When he
moved from São Paulo to NYC in 2005, Brazilian percussionist Rogério Boccato
could not have imagined he would end up on stage and on Grammy-winning
recordings with some of his musical heroes: John Patitucci, Maria Schneider,
Kenny Garrett, Fred Hersch, Danilo Perez, Billy Childs, Gil Goldstein, among
others.
Now leading
his own group, Rogério arrives at yet another milestone: the release of his
debut recording as a leader, No Old Rain. With his quartet, Rogério breaks out
of the traditional jazz mold, collectively weaving form and structure out of
the disparate threads of each member's creative input, using motifs from each
song as springboards for spontaneous group compositions. The result of this
open- eared deconstruction is a reverent, impressionistic vision of each song.

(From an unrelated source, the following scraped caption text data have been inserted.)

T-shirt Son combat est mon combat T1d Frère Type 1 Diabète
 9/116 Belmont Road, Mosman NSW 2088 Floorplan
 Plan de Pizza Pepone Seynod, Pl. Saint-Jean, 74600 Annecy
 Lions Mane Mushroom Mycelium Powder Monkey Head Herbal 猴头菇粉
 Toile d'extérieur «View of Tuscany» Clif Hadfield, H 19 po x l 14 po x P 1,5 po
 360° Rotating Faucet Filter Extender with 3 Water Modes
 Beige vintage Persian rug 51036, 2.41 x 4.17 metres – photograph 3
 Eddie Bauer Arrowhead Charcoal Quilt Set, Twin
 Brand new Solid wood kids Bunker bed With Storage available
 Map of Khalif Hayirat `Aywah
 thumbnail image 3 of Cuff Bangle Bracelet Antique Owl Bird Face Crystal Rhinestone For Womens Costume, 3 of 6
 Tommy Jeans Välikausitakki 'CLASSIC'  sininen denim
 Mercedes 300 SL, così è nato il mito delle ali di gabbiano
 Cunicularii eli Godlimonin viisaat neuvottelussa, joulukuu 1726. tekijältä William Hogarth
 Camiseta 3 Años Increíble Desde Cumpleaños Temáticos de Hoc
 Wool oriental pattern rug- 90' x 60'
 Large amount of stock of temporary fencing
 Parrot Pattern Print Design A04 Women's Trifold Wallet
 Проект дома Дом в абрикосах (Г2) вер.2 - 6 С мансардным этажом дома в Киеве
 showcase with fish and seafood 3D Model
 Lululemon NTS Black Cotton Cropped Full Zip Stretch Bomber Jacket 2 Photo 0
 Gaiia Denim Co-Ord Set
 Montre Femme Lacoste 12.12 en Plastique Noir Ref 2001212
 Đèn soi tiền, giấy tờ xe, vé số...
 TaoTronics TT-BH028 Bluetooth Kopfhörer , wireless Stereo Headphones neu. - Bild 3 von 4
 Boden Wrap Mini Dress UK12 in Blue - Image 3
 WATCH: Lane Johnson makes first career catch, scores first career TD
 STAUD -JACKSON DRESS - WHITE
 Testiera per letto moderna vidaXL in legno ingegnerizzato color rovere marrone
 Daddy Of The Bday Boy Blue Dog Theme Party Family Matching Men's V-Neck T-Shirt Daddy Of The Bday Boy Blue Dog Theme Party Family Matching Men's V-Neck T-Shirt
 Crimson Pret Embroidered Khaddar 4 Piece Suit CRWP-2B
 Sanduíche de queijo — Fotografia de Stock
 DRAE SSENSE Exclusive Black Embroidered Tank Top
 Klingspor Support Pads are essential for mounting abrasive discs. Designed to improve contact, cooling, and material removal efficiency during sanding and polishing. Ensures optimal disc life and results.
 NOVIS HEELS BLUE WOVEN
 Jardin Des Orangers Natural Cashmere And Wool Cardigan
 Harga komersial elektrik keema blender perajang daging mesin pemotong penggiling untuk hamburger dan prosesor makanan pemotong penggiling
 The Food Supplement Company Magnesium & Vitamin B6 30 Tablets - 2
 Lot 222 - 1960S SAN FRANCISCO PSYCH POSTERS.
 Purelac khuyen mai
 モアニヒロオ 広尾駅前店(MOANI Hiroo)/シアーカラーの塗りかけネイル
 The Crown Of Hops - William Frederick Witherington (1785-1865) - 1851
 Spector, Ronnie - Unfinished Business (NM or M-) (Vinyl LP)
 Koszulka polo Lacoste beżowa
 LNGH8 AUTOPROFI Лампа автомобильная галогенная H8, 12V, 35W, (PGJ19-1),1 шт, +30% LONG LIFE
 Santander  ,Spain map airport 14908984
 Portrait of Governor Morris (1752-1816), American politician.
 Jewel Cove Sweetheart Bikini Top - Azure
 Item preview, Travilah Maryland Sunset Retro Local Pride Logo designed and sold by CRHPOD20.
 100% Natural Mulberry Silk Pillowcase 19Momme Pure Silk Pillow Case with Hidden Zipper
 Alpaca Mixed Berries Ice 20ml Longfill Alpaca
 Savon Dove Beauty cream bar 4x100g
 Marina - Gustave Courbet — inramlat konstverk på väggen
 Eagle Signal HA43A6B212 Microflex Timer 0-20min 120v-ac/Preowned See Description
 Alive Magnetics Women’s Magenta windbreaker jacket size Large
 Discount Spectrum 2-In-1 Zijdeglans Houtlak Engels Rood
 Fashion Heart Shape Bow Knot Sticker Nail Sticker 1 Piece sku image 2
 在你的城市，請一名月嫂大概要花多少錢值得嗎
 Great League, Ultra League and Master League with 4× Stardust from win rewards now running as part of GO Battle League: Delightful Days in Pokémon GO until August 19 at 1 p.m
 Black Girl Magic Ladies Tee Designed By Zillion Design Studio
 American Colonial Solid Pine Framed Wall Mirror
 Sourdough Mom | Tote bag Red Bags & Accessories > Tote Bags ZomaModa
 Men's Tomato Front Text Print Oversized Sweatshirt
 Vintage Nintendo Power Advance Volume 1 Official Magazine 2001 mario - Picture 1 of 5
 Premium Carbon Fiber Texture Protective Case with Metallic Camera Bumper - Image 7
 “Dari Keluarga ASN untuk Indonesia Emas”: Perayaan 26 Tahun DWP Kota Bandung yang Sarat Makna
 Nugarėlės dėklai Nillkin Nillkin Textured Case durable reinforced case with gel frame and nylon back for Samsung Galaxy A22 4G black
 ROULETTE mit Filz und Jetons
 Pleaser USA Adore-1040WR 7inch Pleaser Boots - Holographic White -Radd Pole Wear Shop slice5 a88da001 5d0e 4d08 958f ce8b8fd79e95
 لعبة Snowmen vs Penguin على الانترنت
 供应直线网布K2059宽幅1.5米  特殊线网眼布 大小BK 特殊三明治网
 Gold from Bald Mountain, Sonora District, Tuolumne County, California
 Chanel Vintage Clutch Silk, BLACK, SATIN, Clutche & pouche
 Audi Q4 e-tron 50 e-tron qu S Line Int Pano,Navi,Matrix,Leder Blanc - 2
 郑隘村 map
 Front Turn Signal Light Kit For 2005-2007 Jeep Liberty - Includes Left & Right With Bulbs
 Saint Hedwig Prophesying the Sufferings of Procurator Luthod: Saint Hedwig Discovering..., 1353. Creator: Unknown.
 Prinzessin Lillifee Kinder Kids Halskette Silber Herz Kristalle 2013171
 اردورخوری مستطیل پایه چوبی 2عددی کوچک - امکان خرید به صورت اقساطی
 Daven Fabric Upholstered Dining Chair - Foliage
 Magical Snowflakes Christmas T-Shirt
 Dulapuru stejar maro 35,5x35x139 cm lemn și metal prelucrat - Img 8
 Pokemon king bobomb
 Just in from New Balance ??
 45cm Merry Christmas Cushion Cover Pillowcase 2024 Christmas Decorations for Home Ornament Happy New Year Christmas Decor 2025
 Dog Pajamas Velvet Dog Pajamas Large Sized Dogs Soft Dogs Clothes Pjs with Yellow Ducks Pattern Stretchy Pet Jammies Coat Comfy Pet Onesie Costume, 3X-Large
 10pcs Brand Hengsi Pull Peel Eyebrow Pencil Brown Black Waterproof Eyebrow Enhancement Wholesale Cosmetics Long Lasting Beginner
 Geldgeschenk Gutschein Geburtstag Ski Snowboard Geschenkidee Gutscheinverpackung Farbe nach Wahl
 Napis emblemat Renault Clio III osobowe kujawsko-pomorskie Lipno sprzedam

The album is a warmly-colored Brazilian Rorschach test viewed through a
much-loved second-hand kaleidoscope.
No Old Rain
focuses on gems of Brazilian music excavated from the source - written by four
of the greatest composers of the post-Bossa Nova generation, who took Brazilian
music into new directions: Toninho Horta, Milton Nascimento, Egberto Gismonti
and Edu Lobo. Just as their music could have only come from Brazil in the late
20th century, No Old Rain is the seemingly inevitable result of Rogério
Boccato's thirteen years in New York.